The overflow 66 from the clarifier is mixed with additional mother liquor supplied via lines 54, 68 and passes to a final neutralisation tank 70 where, if necessary, acid (e.g. a mineral acid such as HCI) or alkali (e.g. caustic soda) is added via line 72 in order to adjust the pH of the liquor prior to feed to downstream processing plant via line 74. The mother liquor supplied via line 54 typically corresponds to the amount which is to be purged from the purification plant to maintain the levels of impurities within acceptable limits, especially when the mother liquor is to be recycled in the manner disclosed in EP-A-498591, EP-A-502628 and WO-A-93/24440. The purged mother liquor requires treatment before disposal because of its COD and such treatment will usually entail adjustment of its pH.
It will be seen that the process described with reference to Figure 2 allows the purge to be employed as a vehicle for use in recovery of catalyst metals despite the organic content of the mother liquor purge.
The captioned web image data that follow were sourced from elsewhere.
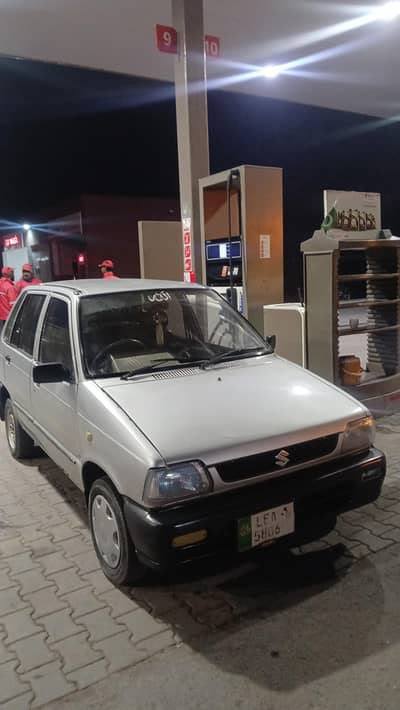 MEHRAN VX 2006  BRAND NEW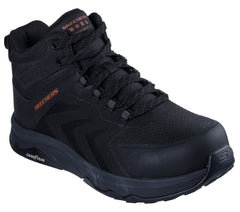 Skechers near me | Work: Speed-Flex Trekker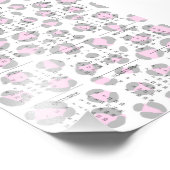 calendario leopardo フォトプリント            (角)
Rather than pass the entire amount of mother liquor purge to the residue dissolution tank 50, it is preferably divided into two fractions, as indicated by lines 56 and 68, so that the equipment size and cost in these stages can be reduced. Another factor that may influence the amount of mother liquor employed in the dissolution stage (tank 50) is the evolution of C02 that occurs in the course of increasing pH in the dissolution stage. If the sodium (or other alkali metal) carbonate and/or bicarbonate is added at low pH levels, for a given amount of the liquor present, the amount of C02 that can remain in solution (and hence be available as carbonate ions at the precipitation stage) is reduced compared with addition at higher pH levels.
Consequently to avoid loss of C02 from solution on introduction of the sodium carbonate and/or bicarbonate, it may be desirable to secure conditions which suppress CO2 evolution from the solution.This can be achieved by controlling pH (e.g. a pH of about 5 is suitable) and/or the level of dilution during the dissolution process. Whilst equipment size and cost is a factor which implies minimising the amount of mother liquor used in the dissolution stage, it will be generally desirable to employ sufficient mother liquor consistent with suppressing CO2 evolution if such evolution is found to be a problem.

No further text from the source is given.